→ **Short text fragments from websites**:
# # # # #
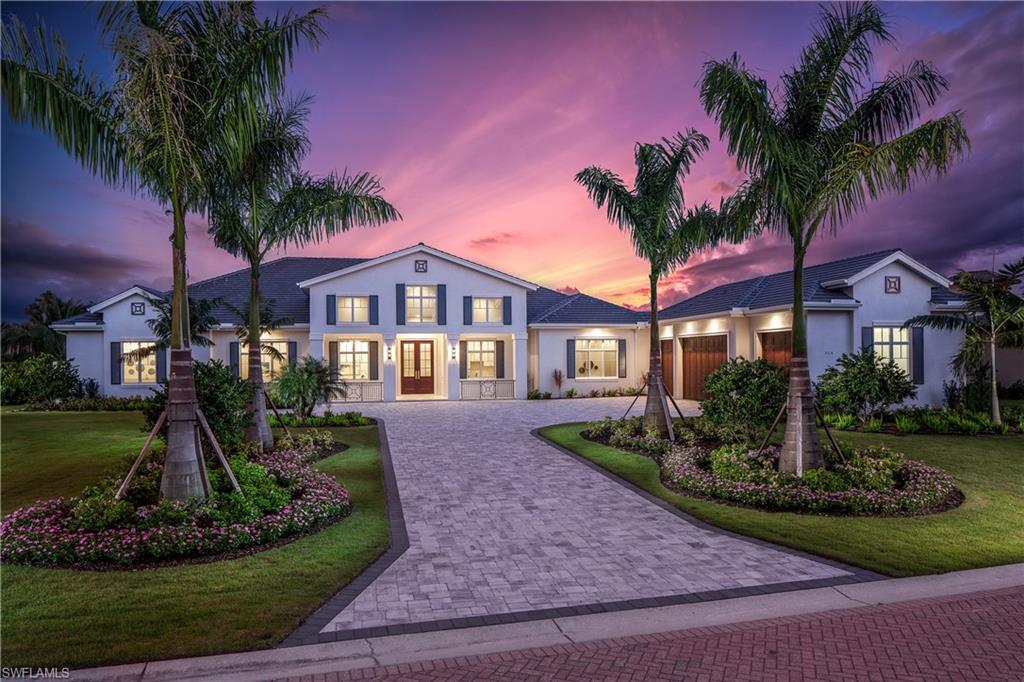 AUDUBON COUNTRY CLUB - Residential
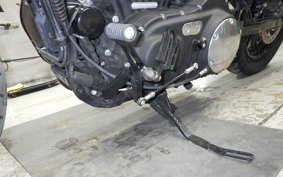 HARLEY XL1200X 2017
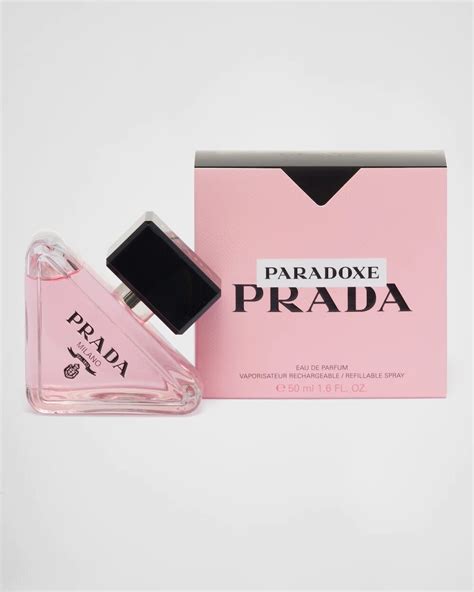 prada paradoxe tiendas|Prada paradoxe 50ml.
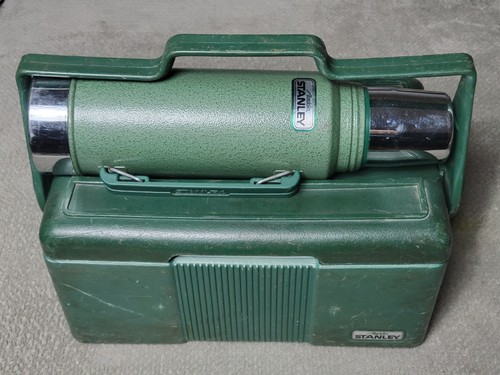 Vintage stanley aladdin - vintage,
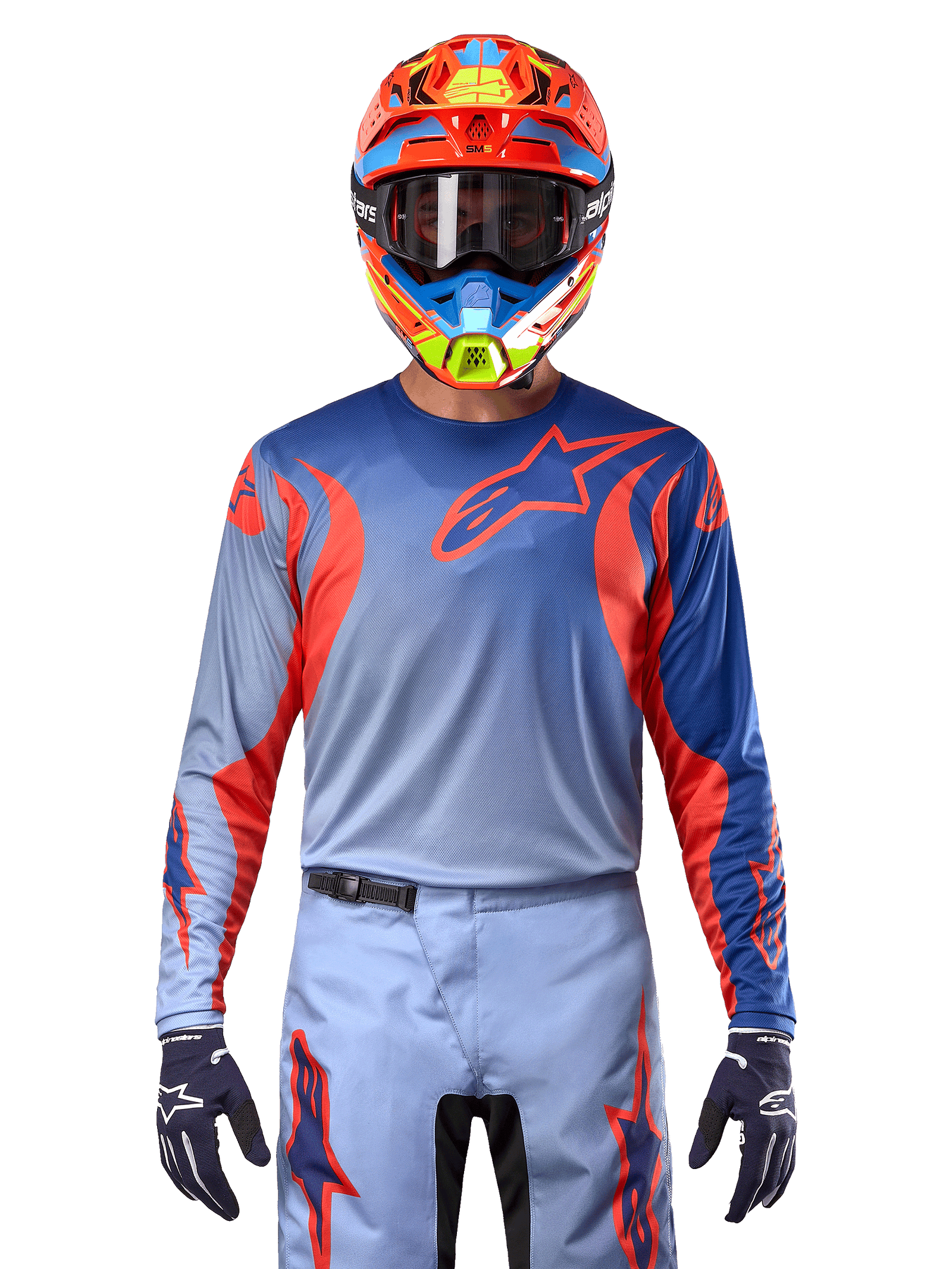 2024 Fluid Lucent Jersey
# # # # #
The records above should be output exactly, but without any of their pictures.

→ **RESPONSE TO THE TASK**:
 AUDUBON COUNTRY CLUB - Residential
 HARLEY XL1200X 2017
 prada paradoxe tiendas|Prada paradoxe 50ml.
 Vintage stanley aladdin - vintage,
 2024 Fluid Lucent Jersey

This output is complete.